Sinkende Börsen- und Industriestrompreise spielen hingegen eine gewichtige Rolle, insbesondere bei Anlagen mit Direktvermarktung bzw. unter PPA (Power Purchase Agreement). Gleichzeitig lässt der Bürokratieabbau beim Netzanschluss auf sich warten und das Mittelspannungsnetz an sich erreicht vielerorts seine Kapazitätsgrenzen. So können größere Projekte auf lange Zeit nicht gebaut und angeschlossen werden, solange der Netzausbau so schleppend voranschreitet.
"Heizhammer" einpacken und gemeinsame Ziele verfolgen
Gibt es einen Silberstreif am Horizont? Ich kann ihn noch nicht erkennen. Klar machen gefallene Preise und eine größere Konkurrenz bei den Installateuren die Angebote für den Endkunden attraktiver. Allerdings muss auch das Umfeld passen und eine positive Investitionsstimmung erzeugt werden, anstatt Existenzängste zu schüren. Die Leitmedien sollten ihren „Heizhammer“ wieder einpacken und lieber über die möglichen positiven Folgen der Energiewende und die sensationellen Erfolge der Erneuerbaren berichten.
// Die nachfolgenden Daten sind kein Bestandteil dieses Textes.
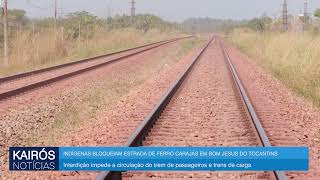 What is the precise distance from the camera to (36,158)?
5.54 m

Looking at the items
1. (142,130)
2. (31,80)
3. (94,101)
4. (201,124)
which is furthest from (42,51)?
(142,130)

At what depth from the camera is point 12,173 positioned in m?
6.95

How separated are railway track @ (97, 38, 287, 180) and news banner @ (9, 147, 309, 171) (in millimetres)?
244

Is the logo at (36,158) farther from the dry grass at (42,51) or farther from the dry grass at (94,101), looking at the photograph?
the dry grass at (42,51)

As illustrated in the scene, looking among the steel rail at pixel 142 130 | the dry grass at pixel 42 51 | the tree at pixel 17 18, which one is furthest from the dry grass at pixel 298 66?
the tree at pixel 17 18

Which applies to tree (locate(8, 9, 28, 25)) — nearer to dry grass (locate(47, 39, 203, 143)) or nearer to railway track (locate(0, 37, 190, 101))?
railway track (locate(0, 37, 190, 101))

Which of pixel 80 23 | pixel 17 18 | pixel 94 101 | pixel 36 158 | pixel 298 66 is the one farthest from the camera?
pixel 17 18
Man kann und muss unsere Politiker nur immer wieder dazu aufrufen, ihre kleinlichen Streitereien zu unterlassen und endlich ihre Hausaufgaben zu machen. Für den Umbau des Energiesystems braucht es nicht nur ambitionierte Ziele, sondern auch klare Strategien und Regeln, wie wir sie ohne große Umwege erreichen. Der Markt allein kann und wird es nicht regeln, wenn ihm immer wieder Felsbrocken in den Weg gerollt werden.
Martin Schachinger ist studierter Elektroingenieur und seit bald 30 Jahren im Bereich Photovoltaik und regenerative Energien aktiv. 2004 machte er sich selbständig und gründete die international bekannte Online-Handelsplattform pvXchange.com.